The album's centerpiece is the lengthy ʽCallingʼ, which alone occupies more than a quarter of this fairly short LP — with lengthy setups, effect-laden guitar drones, and slowest tempos all around, it wants to be some sort of anthemic-psychedelic masterpiece in the style of The Bends (which, incidentally, I have already mentioned in connection with ʽBlack Starʼ — somebody must have been on an early Radiohead kick), but there's no way Bettie Serveert would have been able to pull off a nine-minute track convincingly: Visser is their only instrumentalist to whom you might want to pay attention, and his function on this vessel, slowly sailing through the marmalade skies and tangerine oceans, is largely atmospheric.

Nevertheless, despite all the flaws, The Pharmacy Of Love still gets a thumbs up from me.
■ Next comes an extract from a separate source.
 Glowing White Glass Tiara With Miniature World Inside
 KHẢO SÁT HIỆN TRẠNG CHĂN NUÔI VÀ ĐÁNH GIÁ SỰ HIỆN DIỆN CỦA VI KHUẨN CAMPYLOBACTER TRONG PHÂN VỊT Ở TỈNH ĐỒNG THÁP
The band's transition from «indie-ramblers» to «pop-rockers» has been carried out with style and in­telligence, and has managed to bring down the «boredom» and «pretense» parameters to tolerable levels. No, it probably will not earn Carol van Dyk any extra respect and admiration from you if you have not been able to generate that admiration earlier — but you know, if an indie rock album produced in 2010 does not cause irritation, it is already quite an achievement all by itself. And if an indie rocker makes his/her influences so utterly transparent, and it still does not cause any irritation... well, that sort of makes the album a masterpiece in its own way.

2 comments:

  1. Look, I'm an old geezer, but whenever I hear something like Deny All I desperately need my ass get kicked thoroughly - by say Speed King or Barracuda.